Pull every line containing the word "from" out of the material below.

[[ Records provided open ]]

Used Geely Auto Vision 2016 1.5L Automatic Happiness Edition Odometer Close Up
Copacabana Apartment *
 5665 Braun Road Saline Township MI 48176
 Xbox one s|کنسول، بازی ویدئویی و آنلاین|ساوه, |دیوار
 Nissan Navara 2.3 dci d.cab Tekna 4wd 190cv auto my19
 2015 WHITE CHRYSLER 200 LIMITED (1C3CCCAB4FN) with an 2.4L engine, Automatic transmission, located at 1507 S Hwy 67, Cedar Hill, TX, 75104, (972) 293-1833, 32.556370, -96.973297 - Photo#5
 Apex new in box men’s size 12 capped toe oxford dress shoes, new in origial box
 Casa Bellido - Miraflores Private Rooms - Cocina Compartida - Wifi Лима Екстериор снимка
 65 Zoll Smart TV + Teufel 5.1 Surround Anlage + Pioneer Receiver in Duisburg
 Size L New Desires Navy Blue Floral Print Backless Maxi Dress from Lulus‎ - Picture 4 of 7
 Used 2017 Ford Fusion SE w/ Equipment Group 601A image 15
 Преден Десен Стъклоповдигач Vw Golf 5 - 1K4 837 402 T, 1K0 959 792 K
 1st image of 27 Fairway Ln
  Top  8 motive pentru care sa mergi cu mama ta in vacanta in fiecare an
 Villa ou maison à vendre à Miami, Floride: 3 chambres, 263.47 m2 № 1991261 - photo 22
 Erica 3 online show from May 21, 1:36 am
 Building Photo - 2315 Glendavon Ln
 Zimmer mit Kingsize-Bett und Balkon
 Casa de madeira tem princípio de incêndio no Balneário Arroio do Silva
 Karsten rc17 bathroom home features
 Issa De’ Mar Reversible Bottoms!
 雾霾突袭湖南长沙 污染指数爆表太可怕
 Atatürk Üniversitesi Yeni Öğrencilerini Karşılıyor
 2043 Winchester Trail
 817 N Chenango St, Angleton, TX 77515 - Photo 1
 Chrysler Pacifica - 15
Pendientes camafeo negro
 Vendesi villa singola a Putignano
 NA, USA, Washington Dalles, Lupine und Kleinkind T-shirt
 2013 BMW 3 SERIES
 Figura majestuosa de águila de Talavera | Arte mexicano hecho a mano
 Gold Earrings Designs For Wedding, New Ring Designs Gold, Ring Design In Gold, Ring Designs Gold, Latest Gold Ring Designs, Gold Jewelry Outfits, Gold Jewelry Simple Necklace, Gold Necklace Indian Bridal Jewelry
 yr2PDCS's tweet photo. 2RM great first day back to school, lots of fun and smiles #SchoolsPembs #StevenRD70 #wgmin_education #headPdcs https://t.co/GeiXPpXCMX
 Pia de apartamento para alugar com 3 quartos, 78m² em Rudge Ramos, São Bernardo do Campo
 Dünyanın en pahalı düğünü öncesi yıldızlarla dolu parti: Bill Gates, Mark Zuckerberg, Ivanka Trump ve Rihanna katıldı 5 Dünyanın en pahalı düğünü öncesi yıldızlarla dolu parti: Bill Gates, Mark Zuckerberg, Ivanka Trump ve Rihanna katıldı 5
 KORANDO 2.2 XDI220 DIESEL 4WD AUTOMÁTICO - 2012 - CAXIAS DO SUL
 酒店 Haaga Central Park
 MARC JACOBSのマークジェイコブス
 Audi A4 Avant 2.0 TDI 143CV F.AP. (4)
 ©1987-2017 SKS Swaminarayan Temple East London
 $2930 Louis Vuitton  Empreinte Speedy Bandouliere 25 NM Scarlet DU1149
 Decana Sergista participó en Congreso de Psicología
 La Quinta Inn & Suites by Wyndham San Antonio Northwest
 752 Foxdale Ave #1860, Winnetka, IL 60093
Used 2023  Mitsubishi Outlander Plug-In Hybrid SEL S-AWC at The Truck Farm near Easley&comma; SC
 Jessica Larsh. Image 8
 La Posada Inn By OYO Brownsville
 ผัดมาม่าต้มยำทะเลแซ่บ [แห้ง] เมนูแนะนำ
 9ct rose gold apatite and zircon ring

[[ Records provided closed ]]

## Response to this exercise
 Size L New Desires Navy Blue Floral Print Backless Maxi Dress from Lulus‎ - Picture 4 of 7
 Erica 3 online show from May 21, 1:36 am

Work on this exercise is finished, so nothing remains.